Для человека с десятью людьми прислуги, ливреями, кучерами, поваром, картинами, фортепианами покажется несомненно странным и даже смешным то, что есть самое простое, первое действие всякого - не говорю хорошего, а только человека, а не животного: нарубить самому дрова, которыми варится его пища и которыми он греется; вычистить самому те калоши или сапоги, которыми он неосторожно ступал в грязь; принести самому ту воду, которой он соблюдает свою чистоту, и вынести ту грязную, в которой он вымылся.

Но кроме самой отдаленности людей от истины, есть еще другая причина, мешающая людям видеть обязательность для них самой простой и естественной для самих себя личной физической работы: это - сложность, переплетенность условий, выгод всех связанных между собою людей, в которой живет богатый человек.

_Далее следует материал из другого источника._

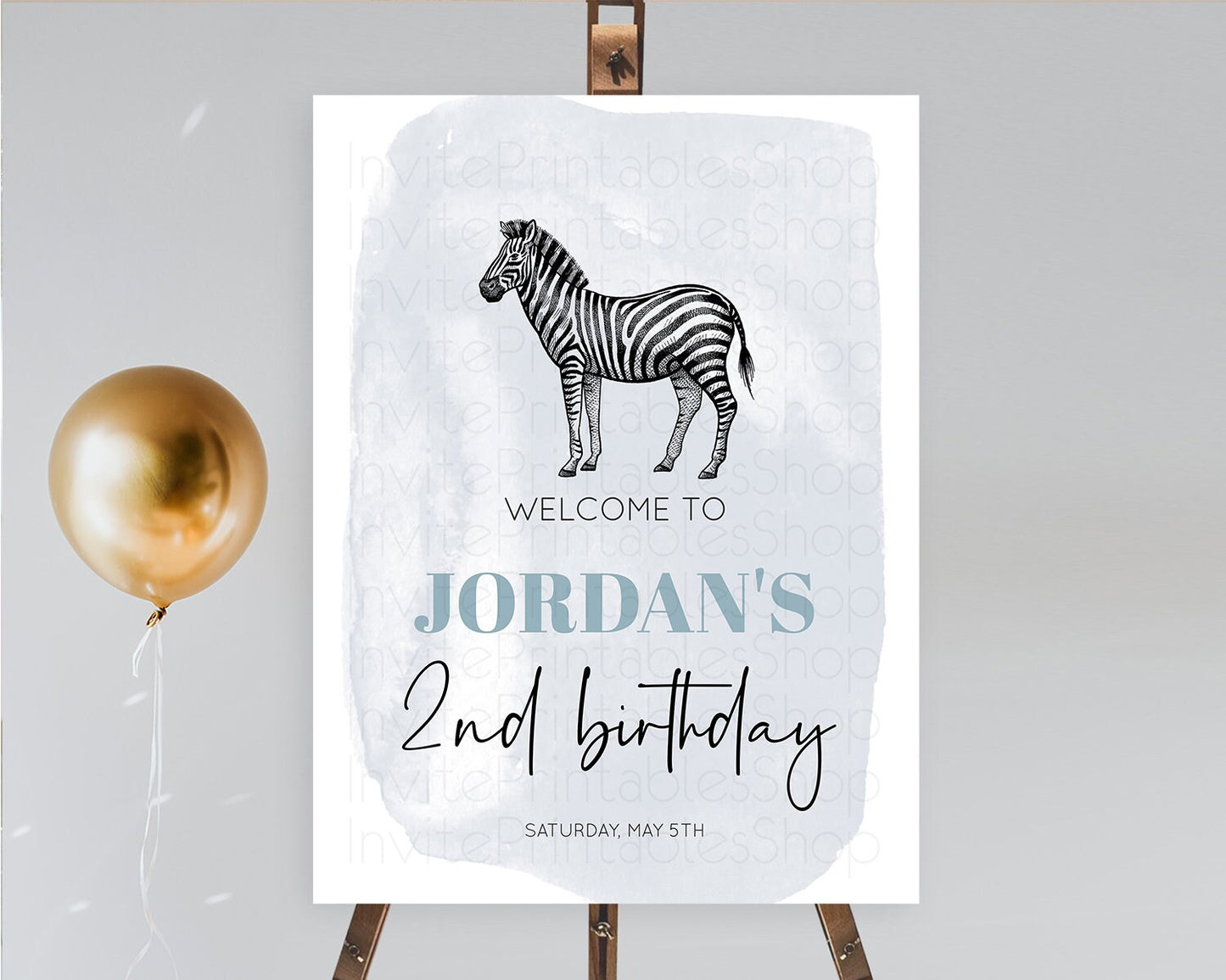 Zebra Welcome Sign Zebra Welcome Board Zebra Welcome Poster Safari Décor Dried Palm Fern Zoo Party Zebra First Birthday Welcome Sign D10814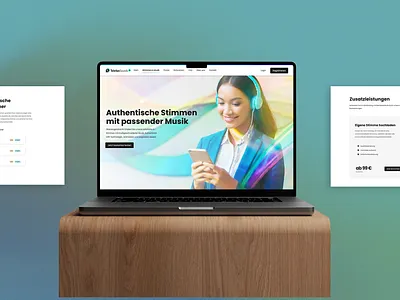 AI generated sounds ai design online shop ui ui design ux ux design web web design webdesign website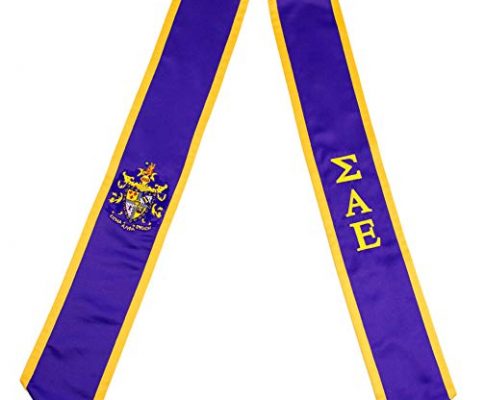 Sigma Alpha Epsilon Fraternity /Sorority Deluxe Embroidered Graduation Stole Review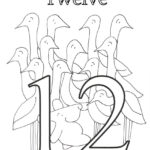 Number 12 Coloring Page PDF With Images Coloring Pages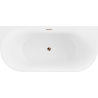 Mexen Oval cadă freestanding 150 x 75 cm, alb, supraplan roz de aur - 52671507500-60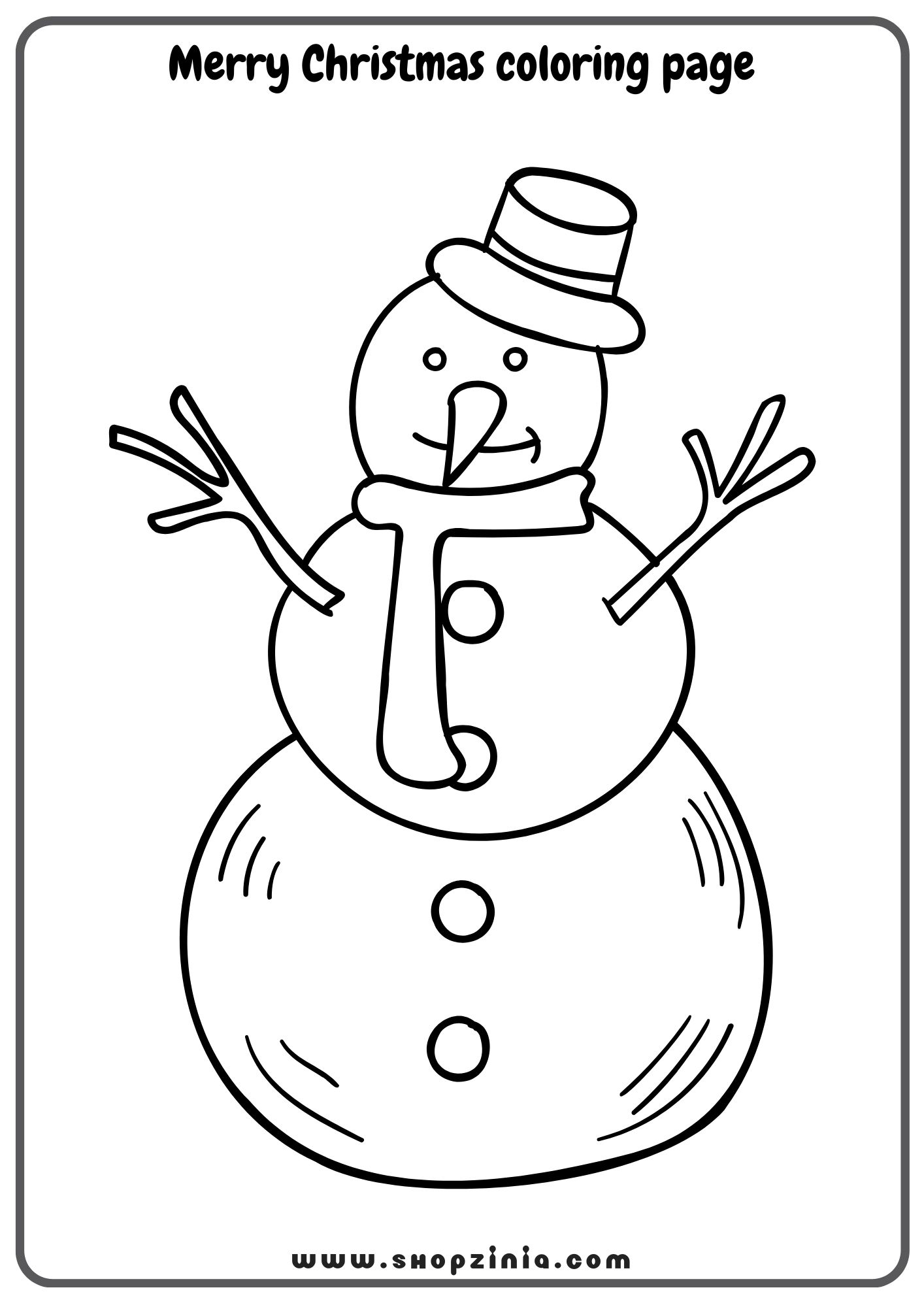 Free christmas coloring pages for the holidays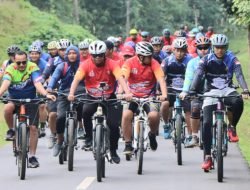 Kapolres Sergai Fun Bike dan Fun Run Semarakkan Haornas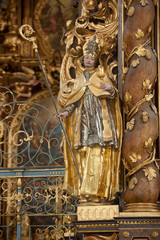 Fototapeta na wymiar Evermod am Sakramentsaltar im Münster in Obermarchtal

Правда, что выгоды всех переплетены, но и без продолжительного расчета совесть каждого говорит, на чьей стороне труд и на чьей праздность. Но мало того, что это говорит совесть, это говорит яснее всего счетная, денежная книга. Чем больше кто тратит денег, тем более он заставляет других за себя работать; чем менее он тратит, тем он более работает.

Моя роскошная жизнь кормит людей. Куда пойдет мой старик камердинер, если я отпущу его? Что же, всем самим себе делать все нужное: и платье и рубить дрова?.. А разделение труда? А промышленность, а общественные предприятия и под конец самые страшные слова: цивилизация, наука, искусство?

XXIV

Прошлого года, в марте, я поздно вечером возвращался домой. Заворачивая из Зубова в Хамовнический переулок, я увидел на снегу Девичьего поля черные пятна. Что-то ворочалось на месте. Я бы не обратил на это внимания, если бы не городовой, стоявший в начале переулка, который крикнул по направлению черных пятен:

- Василий! что ж не ведешь?

- Да не идет! - сказал оттуда голос, и вслед за тем пятна двинулись к городовому.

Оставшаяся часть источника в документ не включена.